Mike Florio and Chris Simms analyze the NFL's move to put the ball on the 25-yard line after fair catches on kickoffs and explore if this could lead to any unintended consequences.

Video Transcript

- The NFL, to the chagrin of special teams coaches everywhere, implemented the NCAA rule that gives the receiving team on a kickoff the ball at the 25 for a fair catch between the goal line and the 25. The idea, again, make the most dangerous play in football safer. How? By having fewer iterations of it.

So the next step in minimizing the kickoff, minimizing special teams, maximizing player safety by minimizing the kinds of collisions that can result in concussions, and I'm all for that. I just don't like the artificial ways that they're carving around it. Just get rid of the kickoff and come up with something else if you're going to play these games that are aimed at having fewer kick returns, Chris.
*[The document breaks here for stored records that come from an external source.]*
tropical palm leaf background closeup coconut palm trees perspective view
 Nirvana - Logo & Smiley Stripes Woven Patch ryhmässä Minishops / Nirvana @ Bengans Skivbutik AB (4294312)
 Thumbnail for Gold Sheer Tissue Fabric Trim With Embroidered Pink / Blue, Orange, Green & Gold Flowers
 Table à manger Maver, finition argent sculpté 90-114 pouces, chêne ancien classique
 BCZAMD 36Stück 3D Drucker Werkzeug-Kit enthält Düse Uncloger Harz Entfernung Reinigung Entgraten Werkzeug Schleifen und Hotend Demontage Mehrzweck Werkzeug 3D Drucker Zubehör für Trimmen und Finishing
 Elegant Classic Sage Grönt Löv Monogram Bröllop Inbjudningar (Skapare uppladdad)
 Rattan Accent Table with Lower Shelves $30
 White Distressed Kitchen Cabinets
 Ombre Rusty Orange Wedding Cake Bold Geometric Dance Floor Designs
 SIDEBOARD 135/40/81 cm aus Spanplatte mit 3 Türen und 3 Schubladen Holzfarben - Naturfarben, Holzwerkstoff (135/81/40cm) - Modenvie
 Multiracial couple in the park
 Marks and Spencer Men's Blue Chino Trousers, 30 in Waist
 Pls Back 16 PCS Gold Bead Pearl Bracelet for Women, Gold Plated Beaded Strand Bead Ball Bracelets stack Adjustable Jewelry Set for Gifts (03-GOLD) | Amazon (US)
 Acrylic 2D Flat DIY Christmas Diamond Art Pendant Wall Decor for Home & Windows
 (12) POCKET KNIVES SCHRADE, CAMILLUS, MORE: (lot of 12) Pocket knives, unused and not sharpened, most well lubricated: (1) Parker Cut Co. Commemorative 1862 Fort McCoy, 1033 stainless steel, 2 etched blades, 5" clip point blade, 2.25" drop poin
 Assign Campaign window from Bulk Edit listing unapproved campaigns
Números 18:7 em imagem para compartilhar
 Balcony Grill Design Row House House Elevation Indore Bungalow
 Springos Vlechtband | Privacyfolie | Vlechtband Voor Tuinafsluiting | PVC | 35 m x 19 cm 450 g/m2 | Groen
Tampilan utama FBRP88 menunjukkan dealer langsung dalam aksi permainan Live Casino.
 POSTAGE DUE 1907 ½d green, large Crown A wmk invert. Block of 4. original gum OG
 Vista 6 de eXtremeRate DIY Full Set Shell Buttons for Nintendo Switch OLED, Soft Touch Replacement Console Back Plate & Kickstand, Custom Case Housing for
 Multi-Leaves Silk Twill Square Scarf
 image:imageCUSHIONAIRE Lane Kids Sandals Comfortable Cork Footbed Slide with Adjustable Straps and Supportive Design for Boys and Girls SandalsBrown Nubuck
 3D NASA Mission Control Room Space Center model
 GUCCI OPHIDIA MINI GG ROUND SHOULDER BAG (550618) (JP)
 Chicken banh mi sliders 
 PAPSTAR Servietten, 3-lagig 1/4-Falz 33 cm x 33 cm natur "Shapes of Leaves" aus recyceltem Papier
- I don't disagree with you totally there. I think this is the end of the kickoff and the kickoff return, basically. I would think that we're going to see the numbers dramatically fall down now because of this rule. One of the reasons teams looked at it, wait, I'm going to catch the ball at the 3-yard line, right? I don't want a fair catch it. We know we can get to the 20 from there. So we're going to do that and see what else more we can get. Maybe we can get a good return and get to the 30.

Now they're going to be more of like, hey, 25 is good. Damn. All we need to do is get about 30 yards and we're in field goal position here for most kickers in the NFL. So that's where it changes it. And yeah, I think that's almost the death of the kickoff and the kick return right there.

- But then comes the Bill Belichick twist. I talked about this yesterday with the third quarterback rule. How will the smart coaches try to take this to their advantage? And one of the arguments against it is now you will see special teams coordinators and head coaches telling their kickers to squib it more often, to try to kick the ball in a way that makes it in play, harder to handle. What if you try to-- just some kind of a unconventionally kicked ball that you try to fair catch and you muff it. So it may have some unintended consequences, and it could get interesting if we see some creative coaches try to do different things.

- I think so, may. But I don't know. The squib kick's tough. Kickers don't have great control, right? We've seen a lot of teams who've got away from the squib kick at the end of the game, right? Because they kick it into somebody and you go, oh no, now they have the ball at midfield. So I think that would be risky.